Very Nice entry. I loved it!


----------



## Axel Van der Borght (Jun 15, 2008)

Hi ,

I don't put a lot of pressure with the stick for that dog because on the vid she was only 1 year old. Although she wouldn't be impressed by it. But I don't put a lot of pressure on purpose. I want to be her friend, we are playing. In a trial the decoy is fighting with the dog. We think it is not a good idea to allways go in a fight without the dog. Not with any dog anyway.
The dog in the vid is very strong in the head, strong nerves. She doesn't need to go in a fight.

We like to make our dogs stronger in stead of smaller because that is what many people do.

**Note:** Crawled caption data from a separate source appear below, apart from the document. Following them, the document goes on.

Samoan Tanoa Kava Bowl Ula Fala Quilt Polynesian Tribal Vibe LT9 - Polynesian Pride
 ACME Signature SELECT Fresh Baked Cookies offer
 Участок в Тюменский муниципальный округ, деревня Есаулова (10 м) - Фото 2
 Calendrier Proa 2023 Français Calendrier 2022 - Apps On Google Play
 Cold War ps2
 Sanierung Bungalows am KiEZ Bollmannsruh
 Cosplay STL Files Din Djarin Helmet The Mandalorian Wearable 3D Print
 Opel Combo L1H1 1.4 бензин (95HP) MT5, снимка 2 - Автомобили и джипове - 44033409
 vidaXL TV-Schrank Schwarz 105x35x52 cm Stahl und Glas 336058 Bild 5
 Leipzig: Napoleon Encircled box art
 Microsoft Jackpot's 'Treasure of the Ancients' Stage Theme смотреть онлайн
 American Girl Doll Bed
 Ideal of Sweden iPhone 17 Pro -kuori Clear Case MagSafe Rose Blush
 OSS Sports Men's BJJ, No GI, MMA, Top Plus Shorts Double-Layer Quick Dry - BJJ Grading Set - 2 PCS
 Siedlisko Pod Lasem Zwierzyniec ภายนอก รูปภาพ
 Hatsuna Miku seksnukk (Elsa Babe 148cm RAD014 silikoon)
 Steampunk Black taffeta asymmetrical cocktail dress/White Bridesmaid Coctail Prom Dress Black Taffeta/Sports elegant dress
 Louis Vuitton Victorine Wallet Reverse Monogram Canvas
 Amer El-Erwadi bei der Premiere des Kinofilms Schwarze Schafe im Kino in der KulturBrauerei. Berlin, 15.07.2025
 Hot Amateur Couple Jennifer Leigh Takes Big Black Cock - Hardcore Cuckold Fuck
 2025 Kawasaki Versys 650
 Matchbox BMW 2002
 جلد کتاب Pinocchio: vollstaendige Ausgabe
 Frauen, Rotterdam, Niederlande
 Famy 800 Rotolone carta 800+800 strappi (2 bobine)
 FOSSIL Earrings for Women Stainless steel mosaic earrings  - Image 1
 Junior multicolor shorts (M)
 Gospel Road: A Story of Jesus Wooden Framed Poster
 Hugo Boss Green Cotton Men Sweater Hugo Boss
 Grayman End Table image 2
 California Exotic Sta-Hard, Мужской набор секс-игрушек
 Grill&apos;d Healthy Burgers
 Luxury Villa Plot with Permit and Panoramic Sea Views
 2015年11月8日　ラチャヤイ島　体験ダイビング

I hope I made myself clear as it is not allways easy to write in English.

Axel


----------



## Jeff Oehlsen (Apr 7, 2006)

I understand you really well. Currently in the US, there seems to be a get a bigger stick mentality with the new people. Sometimes you wonder if they realize it is a dog, not a Disney movie. LOL

I hear about the "necessity" to train with the accessories in Mondio, but I am of the opinion that the dog needs to learn entry first, and doing so much with accessories is more to calm the handlers insecurities about his dog than neccessary FOR the dog.

Last weekend, it was suggested that the new decoy use accessories to "slow the dog down" which I find amusing. When you think about that thought process, which many in my club do, you see that the accessories are impressing the dog, and consequently not done correctly IMO. They should just piss your dog off that there is something getting in the way of his bite.


----------



## Geoff Empey (Jan 8, 2008)

Axel Van der Borght said:


> We like to make our dogs stronger in stead of smaller because that is what many people do.
> 
> I hope I made myself clear as it is not allways easy to write in English.


That's a perfect explanation Axel. The stick pressure is pretty mild after the bite but she went through the stick barrage on the entry like it wasn't there. Especially the taking of the arm to counter the stick was beautiful. 

I've seen a few dogs that all they have is 'legs' on the brain and when they get opposition from the stick they all go to pieces instead of taking the wrist, bicep or chest. We are working on stick counters right now and it is really exciting to watch my dog learn them. We are training in French Ring but the movement for the dog is basically the same in your video. 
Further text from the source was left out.